“I also am one of those who entered the divine tomb”.

                                     “Et In Arcadia Ego…” : proposal for an hermeneutic. 

  You cannot refer to any aspect regarding the Rennes-le-Château mystery without having to analyse and interpret something, be it a statue detail or the writings left by Saunière, Bigou and/or others.
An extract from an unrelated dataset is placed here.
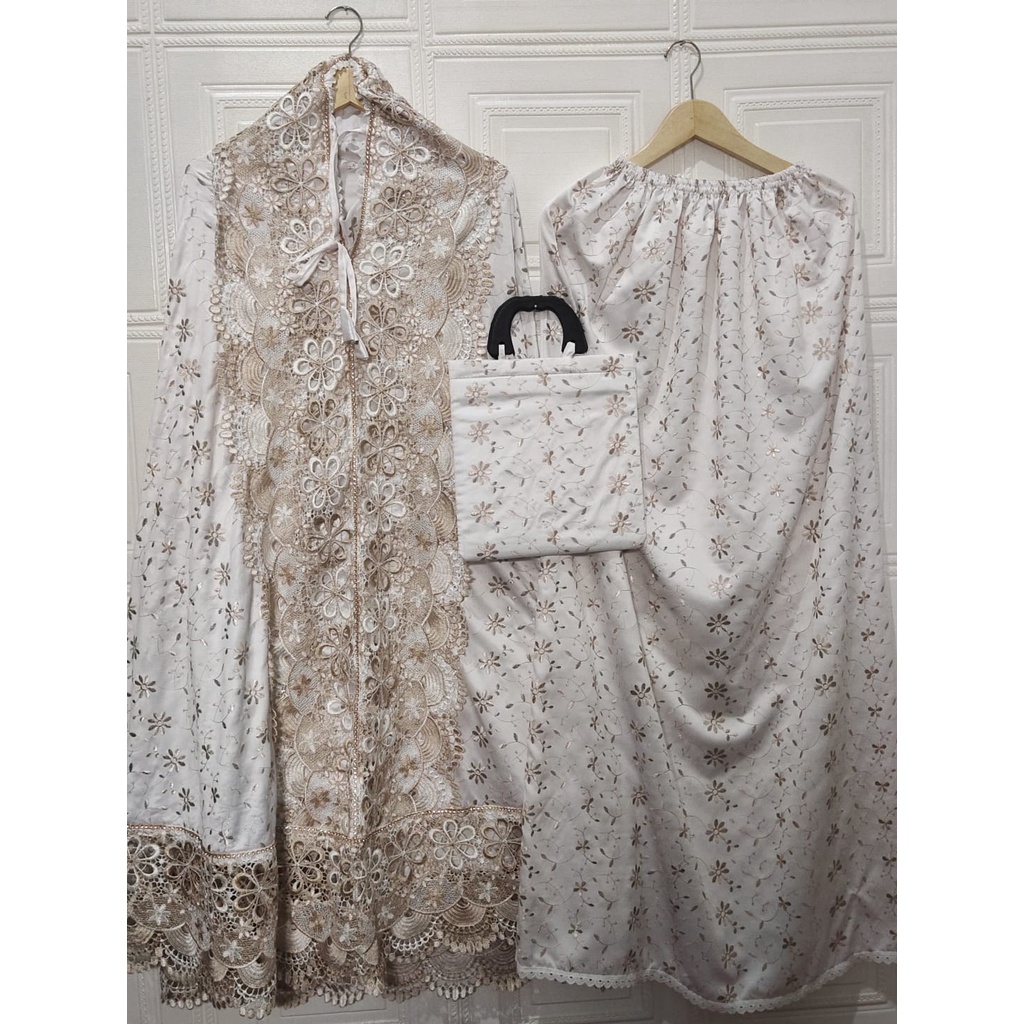 Mukena renda mewah / mukena bordir / mukena kd / renda mewah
I have always thought that in these kinds of speculations, the risk of “hyper-interpretation” is always present: the late John Lennon used to laugh while reading comments about Beatles’ songs written by musical critics in newspapers, who gave great import to events reported in these songs which Lennon said had happened casually during the recording sessions and were left on tapes just for fun.
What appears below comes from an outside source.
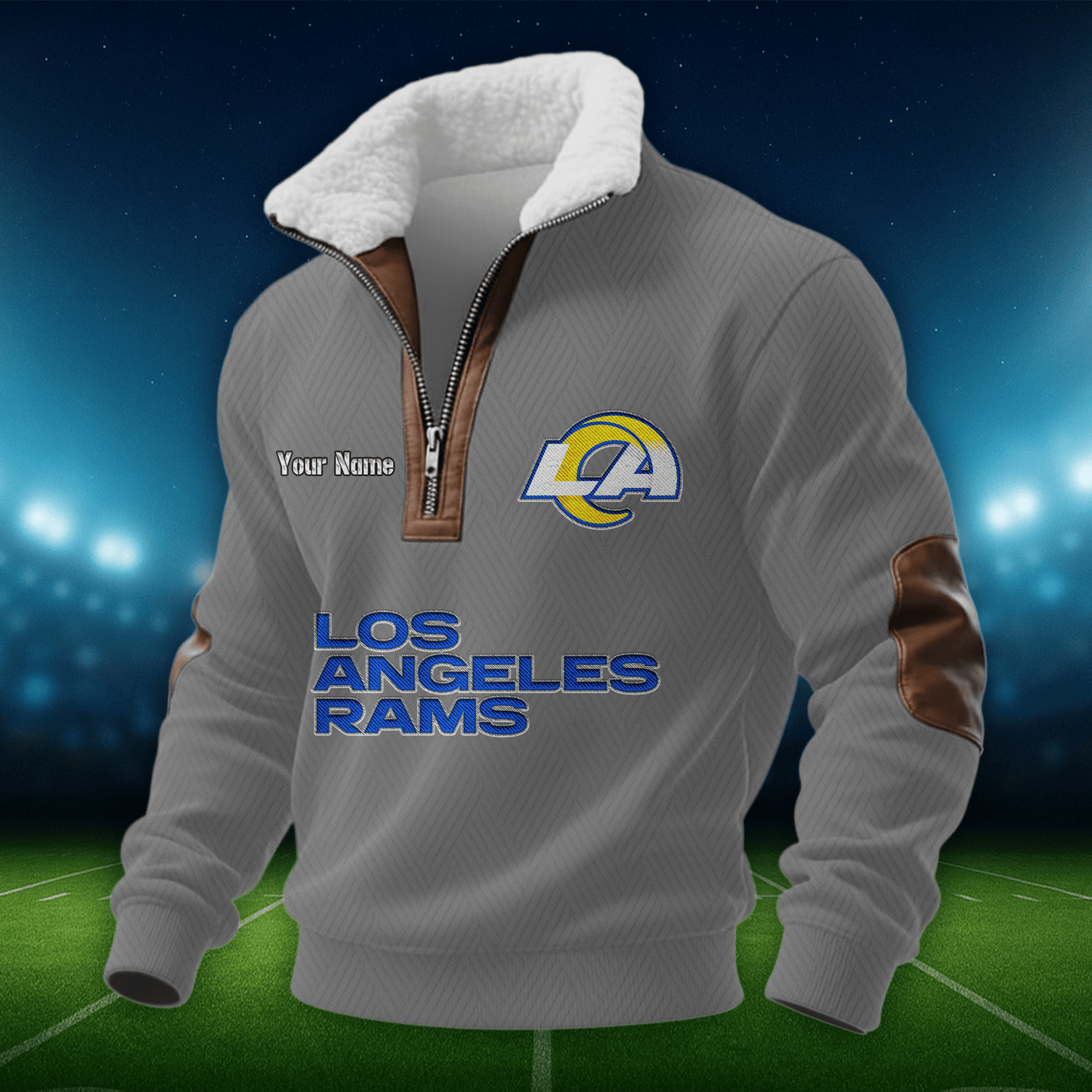 LAR NFL Men Fur Collar Sweatshirt DDT CTND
Being conscious that no one can be “immune” from hyper-interpretation, I decided to give a closer look at the famous “Et in Arcadia ego…” sentence and to try to decode it, remaining as close as possible to its interpretation according to Latin language grammar and lexicon. It may appear banal but this type of investigation, although hinted at by many authors, has always remained superficial.

Starting with this intention, and looking at the “motto”, the sentence immediately appears to be lacking a “finished” sense, as the verb is not present. It seems strange for us but in the Latin language, in sentences with a paradigmatic meaning like sayings or mottoes, the verb is omitted many times. In these cases, then, we are very rarely entitled to assume that the omitted verb is a verb different from the “Sum” verb, that is to say: to be. In our case we may conjecture (by the presence of “ego”) that the subject is a first person singular so, the sentence could be: “Et in Arcadia ego sum” (and I am in Arcadia).
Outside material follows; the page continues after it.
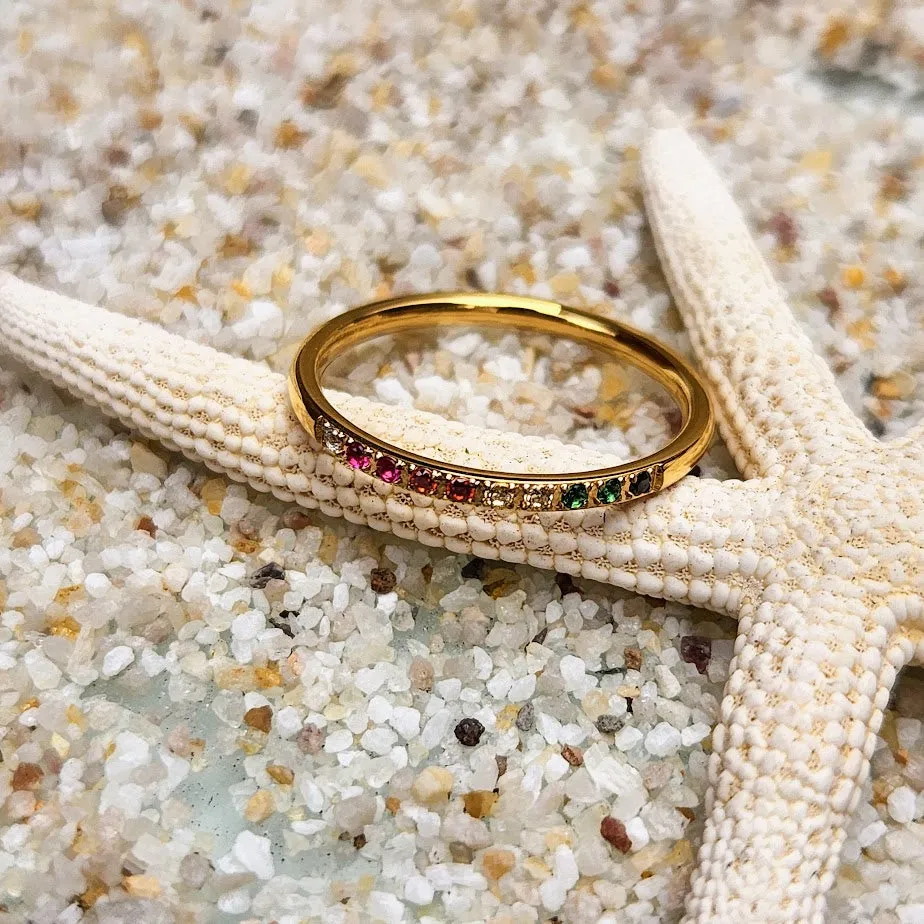 RAINBOW DREAMING - WATERPROOF GOLD RING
Even with the verb added, the sentence still sounds a bit “incomplete”. We can resolve this problem by recalling to our minds that the word “et” in Latin, is also used as a kind of short form for “etiam” meaning “also” in English. Now the sentence becomes “I am also in Arcadia”.

The normal explanation of this translation, especially with reference to the Guercino and the Poussin paintings, is that the 'who' speaks of Death, symbolized by the skull (Guercino) or the tomb (Poussin). That death, in short, claims that 'it' (death) is also in Arcadia, that is to say that even in Arcadia people die. This Greek region in literature was considered as a sort of pastoral paradise on earth, where Gods lived among men: a literary 'topos' that has been celebrated by a great number of poems through many centuries.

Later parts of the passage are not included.